Le problème de la cavitation n’est pas uniquement lié à la forme de la sonde. La coque crée, elle aussi, des bulles d’air qui passent devant la face de la sonde. Par exemple, les rivets sur les coques en alu ou les œuvres vives le long des coques en fibres ou toutes les sorties ou entrées d’eau sur les coques plus importantes  ( pompes et autres…). Monter dans ce cas la sonde plus bas que le courant de bulles ou à l’écart de celui-ci. En général, il faut installer la sonde au point le plus bas possible du tableau.

 

CONE DE LECTURE

 

Le transducteur concentre le son dans un faisceau. Lorsqu’une impulsion sonore est transmise depuis le transducteur, elle couvre une zone qui s’élargit avec la profondeur. Si l’on rapporte cela sur un schéma, on forme un cône, d’où le terme de cône de lecture ou angle de lecture. Le son est plus fort le long de l’axe du cône et diminue graduellement lorsque vous vous écartez du centre.

 

Pour mesurer un cône de lecture, la puissance est en premier lieu mesurée au centre du cône puis comparée au fur et à mesure que vous vous éloignez de l’axe central. Au point où la puissance diminue de moitié ( -3db en terme électronique ), l’angle formé par rapport au sommet du cône est mesuré. Le total des angles à –3db formés de part et d’autre de l’axe central est appelé cône de lecture.

 

Ce point où la puissance chute de moitié ( à –3db ) est la norme standard dans l’industrie électronique et la majorité des fabricants mesurent leur cône de cette manière sauf quelques-uns qui utilisent le point de calcul à –10db où la puissance est à 1/10 du centre de l’axe de puissance. Evidement l’angle de lecture obtenu est plus important car le point de calcul est situé plus loin qu’à –3db.
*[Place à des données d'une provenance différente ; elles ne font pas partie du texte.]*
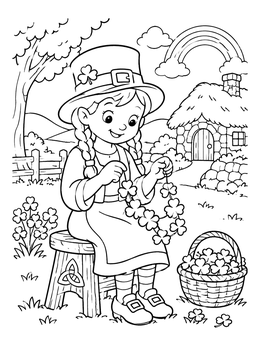 Free printable Leprechaun Girl Making Clover Garland coloring page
Tous les transducteurs ont les mêmes caractéristiques, c’est le système de mesure qui change. Par exemple, un cône de lecture de 8° à –3db ferait 16° mesuré à –10db.

 

 

Cône de lecture de 20°

Cône de lecture de 8°

 

 

Lowrance propose des sondes avec plusieurs angles de lecture. Des cônes larges pour découvrir plus de relief sous-marin mais au détriment de la profondeur maximale ou des cônes étroits pour aller plus profond, mais sur une surface plus restreinte. Plus le cône est large, plus la surface couverte est importante, mais plus la profondeur atteinte est réduite. Plus le cône est étroit et plus la puissance est concentrée, d’où une meilleure pénétration mais une plus faible couverture. Le signal du fond sera plus large avec un faisceau large qu’avec un faisceau étroit car on « voit » plus de fond.

 

Les transducteurs en 200 kHz sont disponibles soit avec un cône large, soit avec un cône étroit. Le cône large est indiqué pour les eaux douces tandis que le faisceau étroit devrait être réservé à la mer. Les sondes en 50 kHz font par nature entre 30 et 45°.
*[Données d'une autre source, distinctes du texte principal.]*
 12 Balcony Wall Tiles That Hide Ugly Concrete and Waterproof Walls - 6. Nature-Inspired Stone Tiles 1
Bien qu’un transducteur soit plus sensible à l’intérieur de son cône spécifié, vous pouvez détecter des échos en dehors de ce cône, seulement, ils ne sont pas assez forts. Le cône de lecture effective est la zone dans le cône spécifié qui détecte les échos à l’écran. Si un poisson se trouve dans le cône de lecture mais que la sensibilité n’est pas assez élevée pour le voir, alors vous avez un cône de lecture effective étroit.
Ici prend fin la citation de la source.